Please print every record exactly as it stands, leaving out the pictures.

### Data extract:
+---+

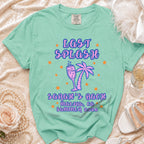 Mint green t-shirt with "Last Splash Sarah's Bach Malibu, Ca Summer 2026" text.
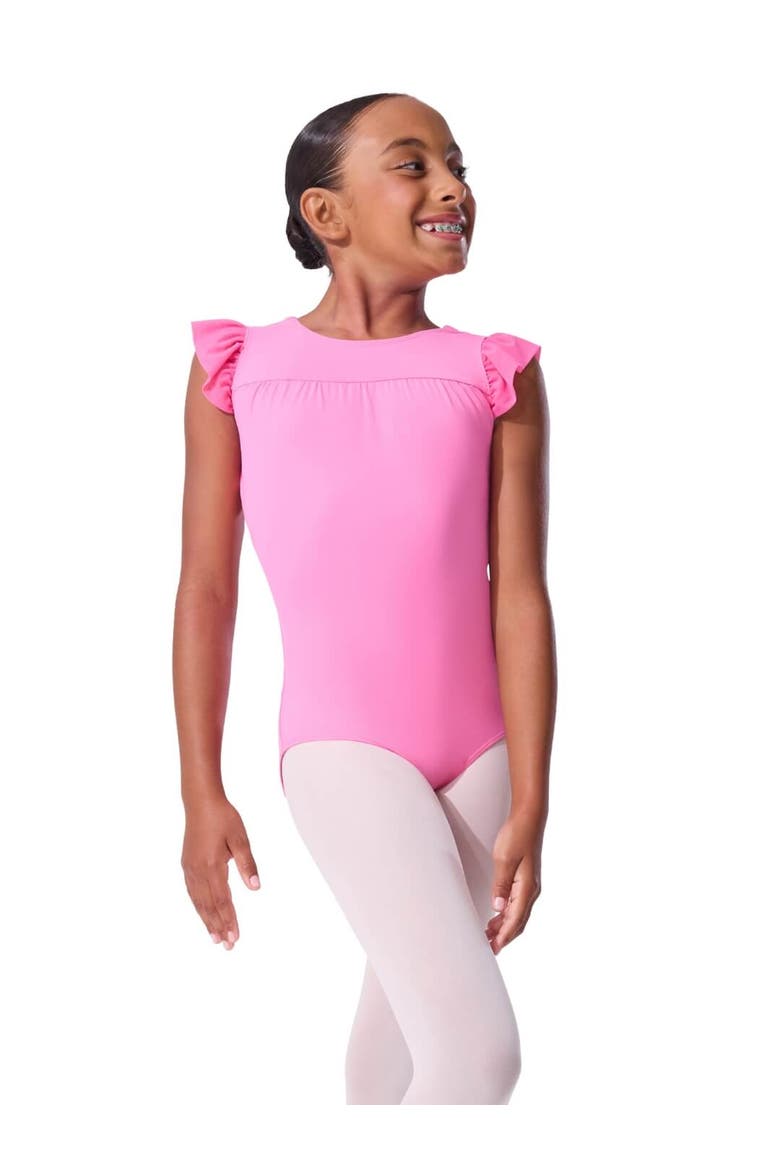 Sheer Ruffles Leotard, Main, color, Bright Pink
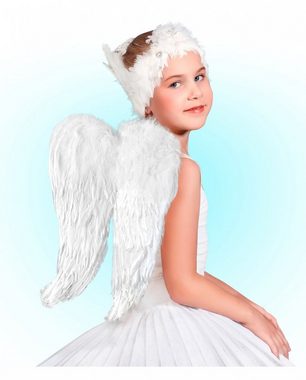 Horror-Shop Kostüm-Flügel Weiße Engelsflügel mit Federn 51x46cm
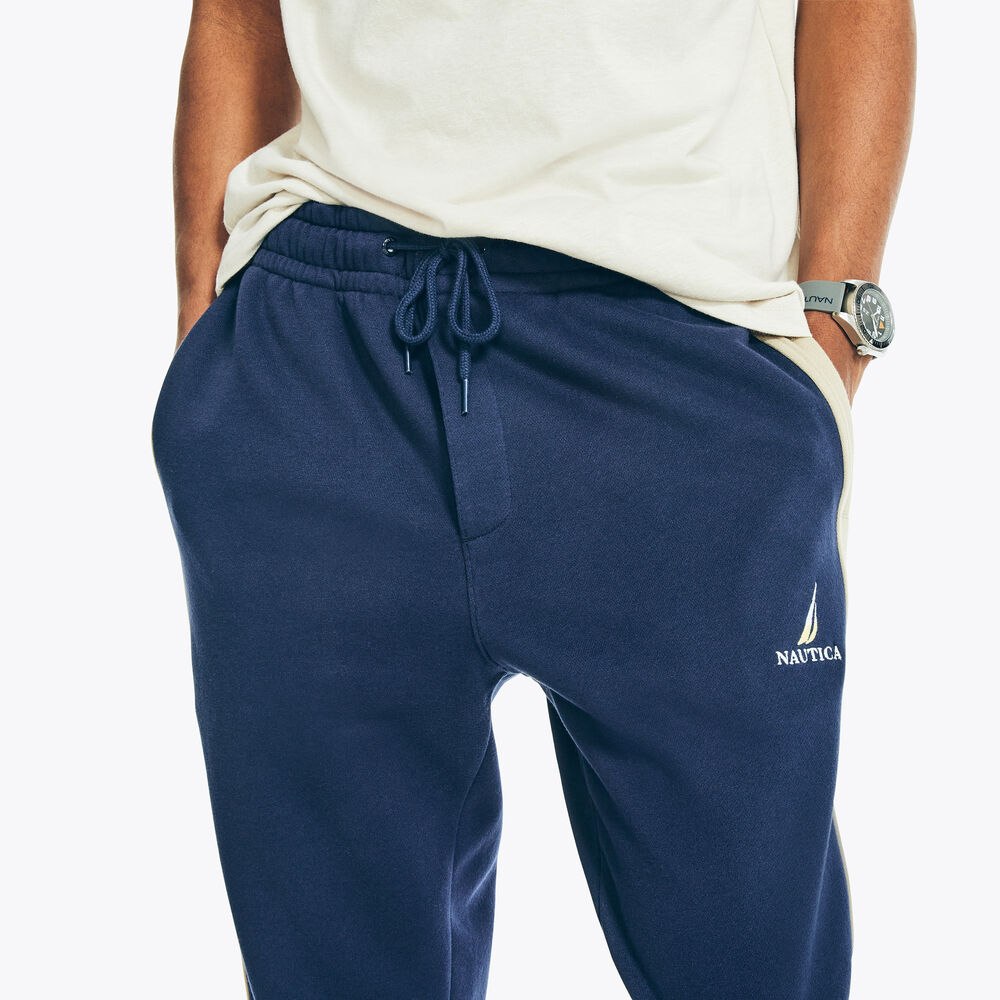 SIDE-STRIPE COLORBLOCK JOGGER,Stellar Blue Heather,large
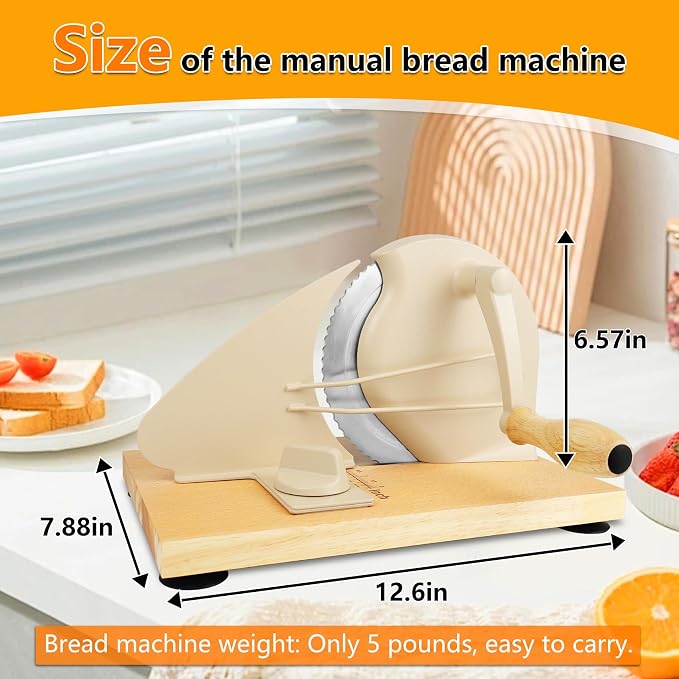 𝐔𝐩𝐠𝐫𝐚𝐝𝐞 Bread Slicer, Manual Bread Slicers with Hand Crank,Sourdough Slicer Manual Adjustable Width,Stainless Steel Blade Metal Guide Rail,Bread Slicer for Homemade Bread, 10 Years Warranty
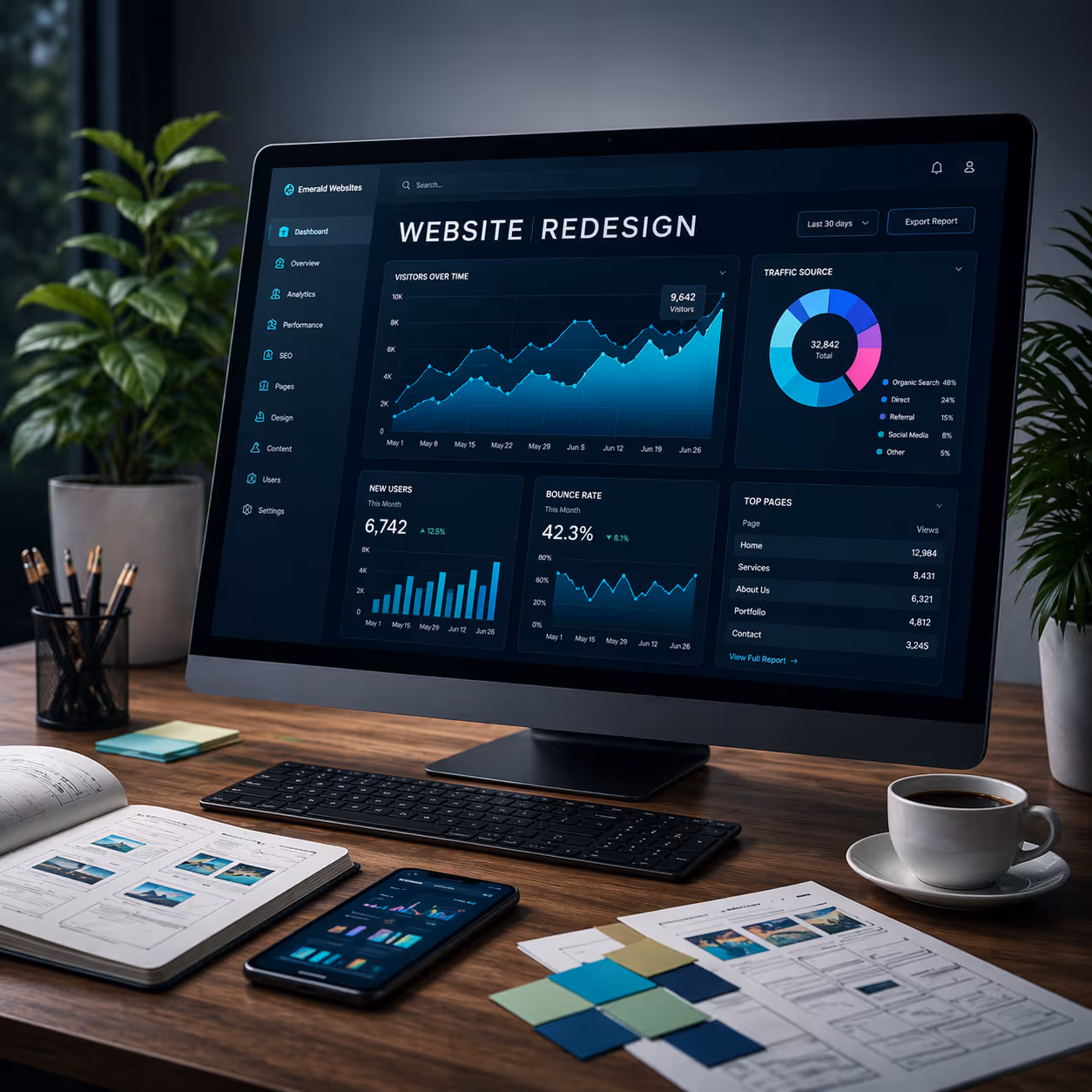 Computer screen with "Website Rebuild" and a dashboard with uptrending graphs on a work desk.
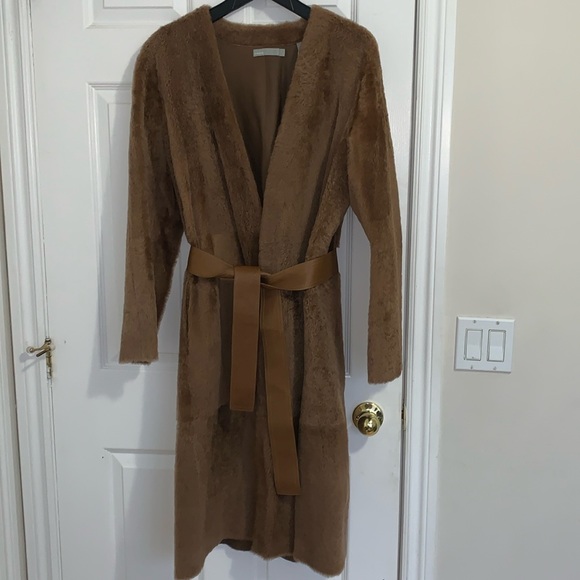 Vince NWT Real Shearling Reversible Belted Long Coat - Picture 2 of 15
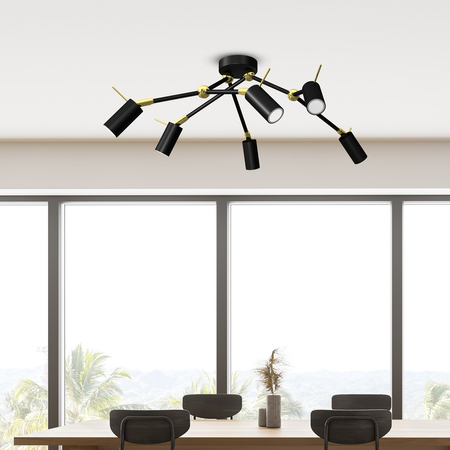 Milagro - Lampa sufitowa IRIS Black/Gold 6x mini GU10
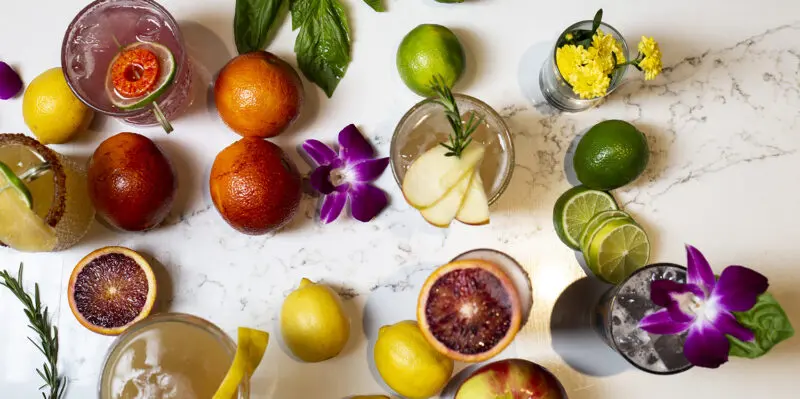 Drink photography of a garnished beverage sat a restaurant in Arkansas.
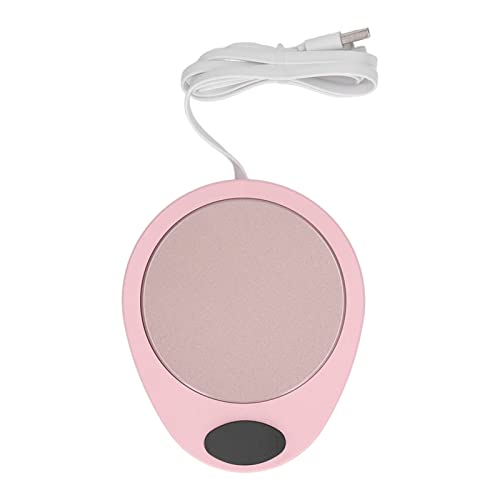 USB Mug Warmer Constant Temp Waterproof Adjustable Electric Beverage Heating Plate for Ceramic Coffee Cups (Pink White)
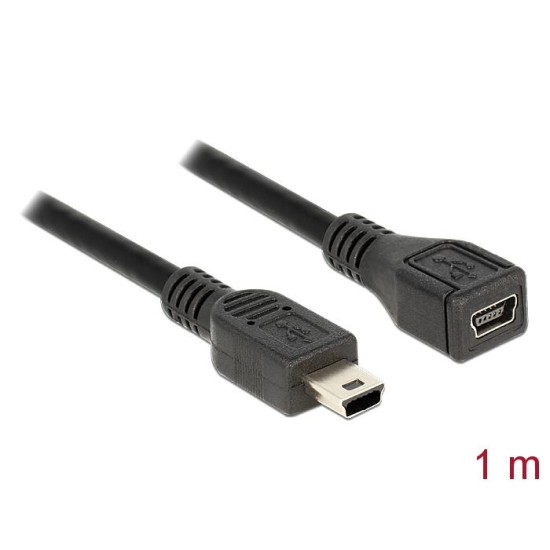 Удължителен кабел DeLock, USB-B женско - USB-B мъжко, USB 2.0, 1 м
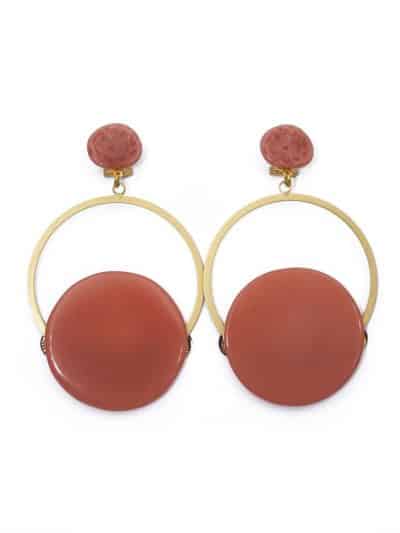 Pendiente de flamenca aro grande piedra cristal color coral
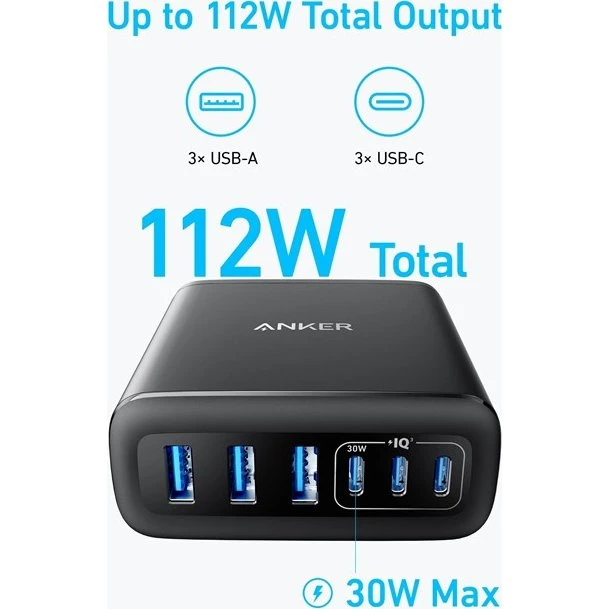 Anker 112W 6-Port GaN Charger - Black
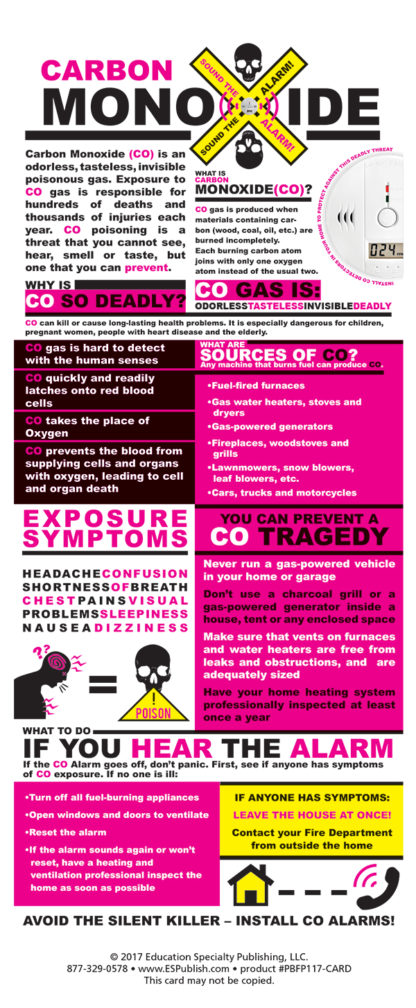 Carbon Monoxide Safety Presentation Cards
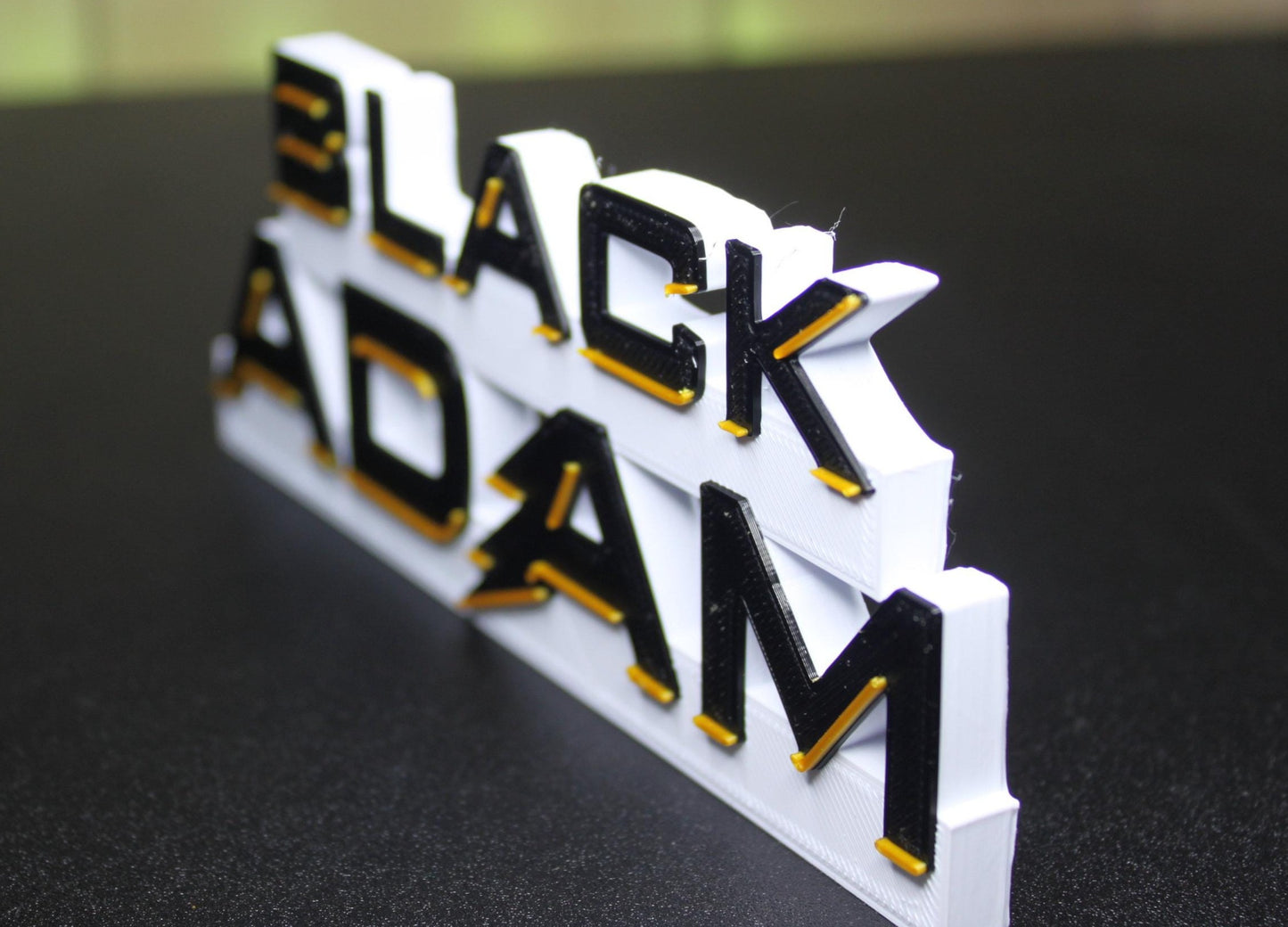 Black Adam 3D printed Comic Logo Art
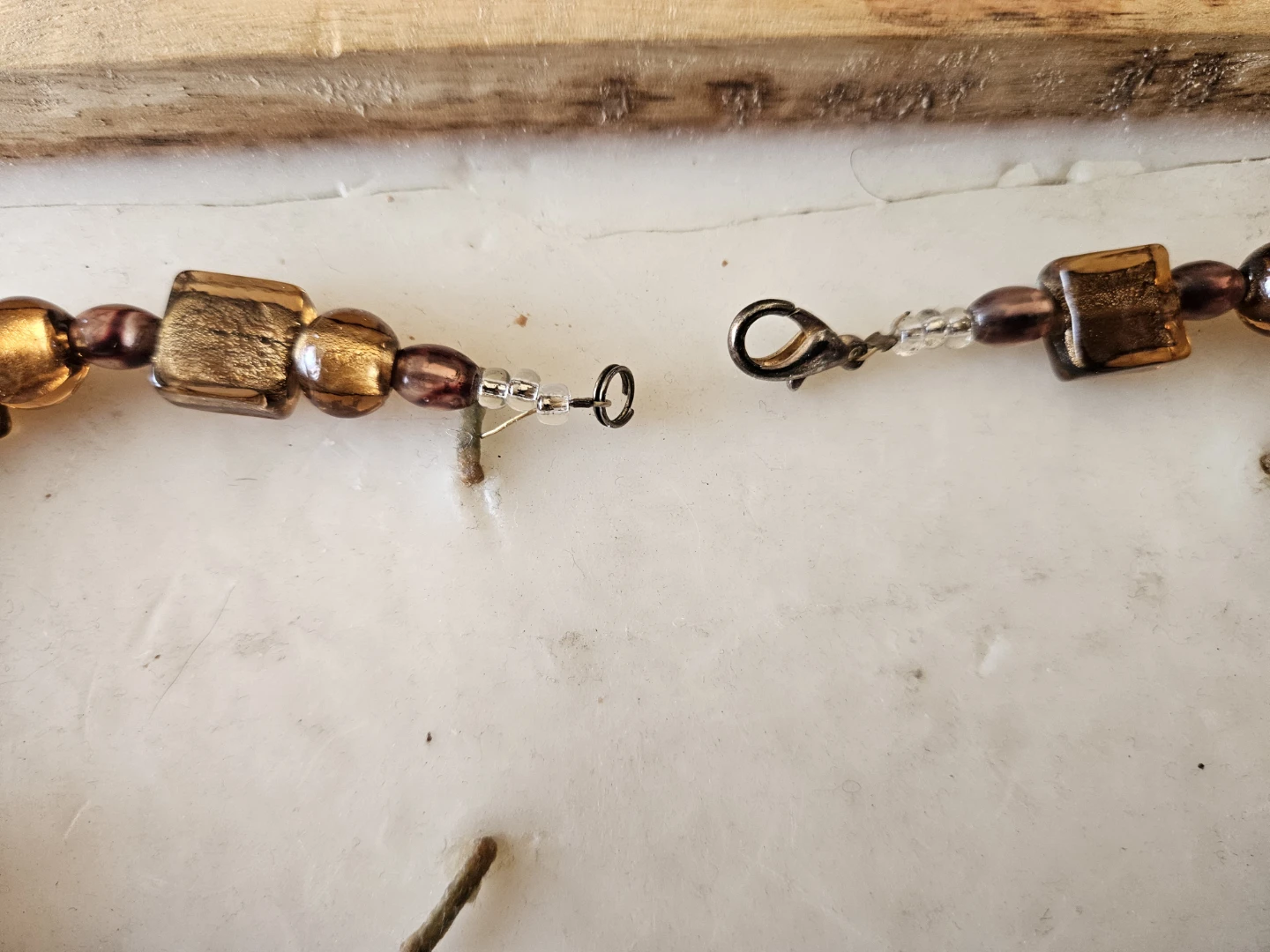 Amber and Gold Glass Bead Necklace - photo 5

+---+

### Written answer:
 Mint green t-shirt with "Last Splash Sarah's Bach Malibu, Ca Summer 2026" text.
 Sheer Ruffles Leotard, Main, color, Bright Pink
 Horror-Shop Kostüm-Flügel Weiße Engelsflügel mit Federn 51x46cm
 SIDE-STRIPE COLORBLOCK JOGGER,Stellar Blue Heather,large
 𝐔𝐩𝐠𝐫𝐚𝐝𝐞 Bread Slicer, Manual Bread Slicers with Hand Crank,Sourdough Slicer Manual Adjustable Width,Stainless Steel Blade Metal Guide Rail,Bread Slicer for Homemade Bread, 10 Years Warranty
 Computer screen with "Website Rebuild" and a dashboard with uptrending graphs on a work desk.
 Vince NWT Real Shearling Reversible Belted Long Coat - Picture 2 of 15
 Milagro - Lampa sufitowa IRIS Black/Gold 6x mini GU10
 Drink photography of a garnished beverage sat a restaurant in Arkansas.
 USB Mug Warmer Constant Temp Waterproof Adjustable Electric Beverage Heating Plate for Ceramic Coffee Cups (Pink White)
 Удължителен кабел DeLock, USB-B женско - USB-B мъжко, USB 2.0, 1 м
 Pendiente de flamenca aro grande piedra cristal color coral
 Anker 112W 6-Port GaN Charger - Black
 Carbon Monoxide Safety Presentation Cards
 Black Adam 3D printed Comic Logo Art
 Amber and Gold Glass Bead Necklace - photo 5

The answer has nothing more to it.